Front Oncol. 2022 Aug 10;12:890033. doi: 10.3389/fonc.2022.890033. eCollection 2022.
The surgical procedure for early-stage second primary non-small cell lung cancer (SP-NSCLC) remains controversial, especially for patients with previous lung cancer-directed surgery. This study aims to compare the survival after wedge resection and lobectomy for these patients.
Stage IA SP-NSCLC patients with clear clinical information were searched from the Surveillance, Epidemiology, and End Results (SEER) database. The Cox proportional hazard model, the competing risk model, and the Kaplan-Meier survival curve were used to describe the survival difference between wedge resection and lobectomy. A 1:1 propensity score matching (PSM) method was also performed to reduce the potential impact of confounding factors between the two groups.

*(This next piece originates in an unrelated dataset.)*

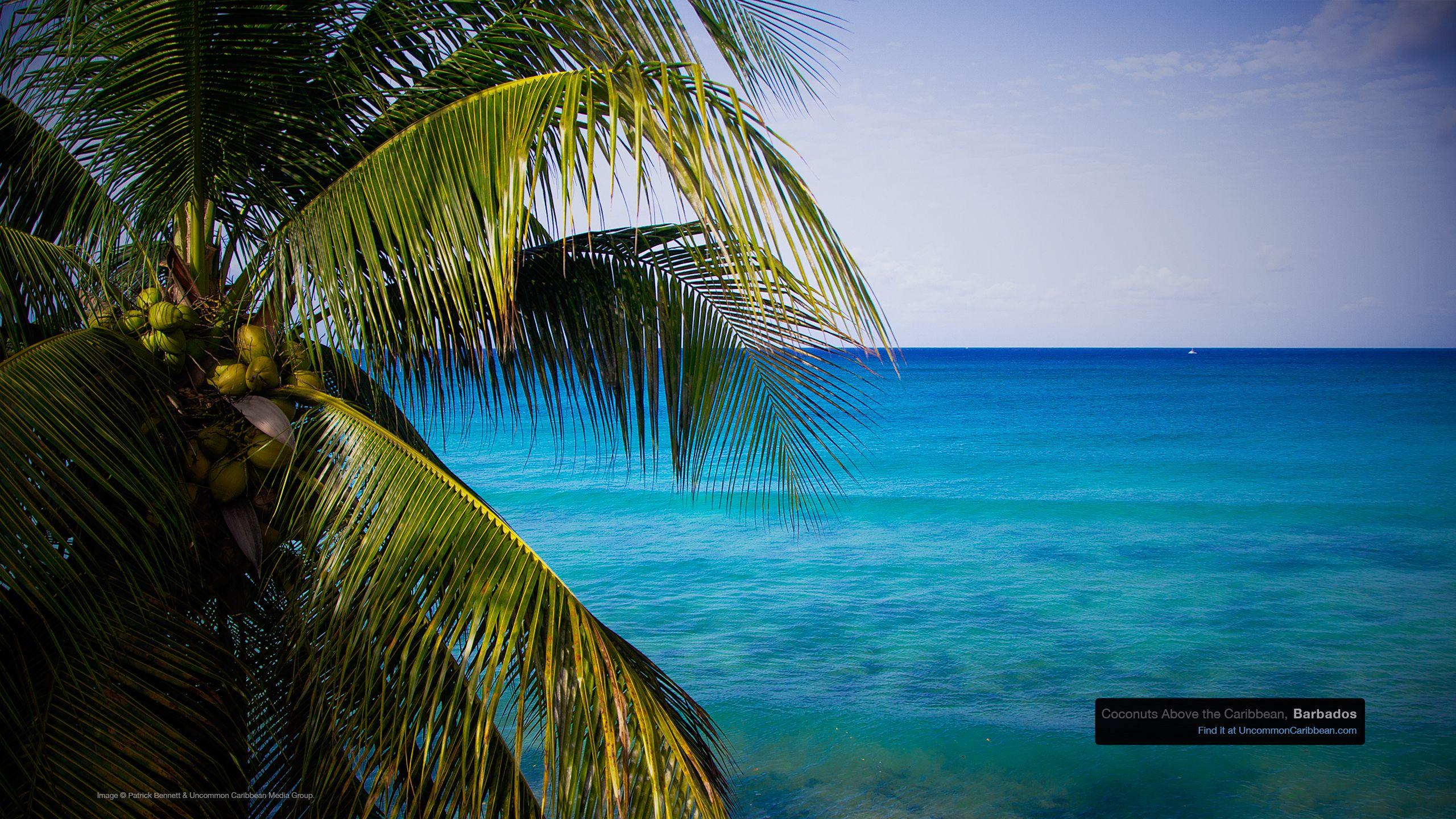Caribbean Desktop Wallpapers - Top Free Caribbean Desktop Backgrounds ...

Of the 320 eligible stage IA SP-NSCLC patients included in this study, 238 (74.4%) patients underwent wedge resection and 82 (25.6%) patients received lobectomy. The 5-year overall survival (OS) was 61.3% with wedge resection and was 66.1% with lobectomy. Both before and after PSM, wedge resection showed similar OS and lung cancer-specific mortality as lobectomy in the entire cohort. Additionally, in all subgroup analyses, wedge resection demonstrated equivalent survival to lobectomy. However, in the female, sublobectomy for the first primary lung cancer, and interval ≤ 24 months subgroups, wedge resection displayed a higher lung cancer-specific mortality than lobectomy (fine-gray test, all < 0.05).

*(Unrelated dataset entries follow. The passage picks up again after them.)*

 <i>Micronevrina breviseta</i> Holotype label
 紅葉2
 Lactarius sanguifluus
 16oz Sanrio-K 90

Overall, wedge resection is comparable to lobectomy in OS for stage IA SP-NSCLC patients with previous lung cancer-directed surgery. Therefore, we believe that wedge resection may be sufficient for these patients, although, in some cases, wedge resection has a higher lung cancer-specific mortality rate than lobectomy.

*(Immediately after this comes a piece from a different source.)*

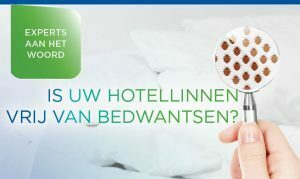 Wat je moet weten over bedwantsen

早期第二原发性非小细胞肺癌(SP-NSCLC)的手术方式仍存在争议,尤其是对于既往接受过肺癌针对性手术的患者。本研究旨在比较这些患者楔形切除术和肺叶切除术术后的生存率。
从监测、流行病学和最终结果(SEER)数据库中搜索具有明确临床信息的IA期SP-NSCLC患者。采用Cox比例风险模型、竞争风险模型和Kaplan-Meier生存曲线来描述楔形切除术和肺叶切除术之间的生存差异。还采用1:1倾向评分匹配(PSM)方法来减少两组之间混杂因素的潜在影响。
本研究纳入的320例符合条件的IA期SP-NSCLC患者中,238例(74.4%)患者接受了楔形切除术,82例(25.6%)患者接受了肺叶切除术。楔形切除术的5年总生存率(OS)为61.3%,肺叶切除术为66.1%。在PSM前后,整个队列中楔形切除术的OS和肺癌特异性死亡率与肺叶切除术相似。此外,在所有亚组分析中,楔形切除术的生存率与肺叶切除术相当。然而,在女性、首次原发性肺癌为亚肺叶切除以及间隔≤24个月的亚组中,楔形切除术的肺癌特异性死亡率高于肺叶切除术(精细灰色检验,均<0.05)。
总体而言,对于既往接受过肺癌针对性手术的IA期SP-NSCLC患者,楔形切除术在OS方面与肺叶切除术相当。因此,我们认为楔形切除术可能对这些患者足够,尽管在某些情况下,楔形切除术的肺癌特异性死亡率高于肺叶切除术。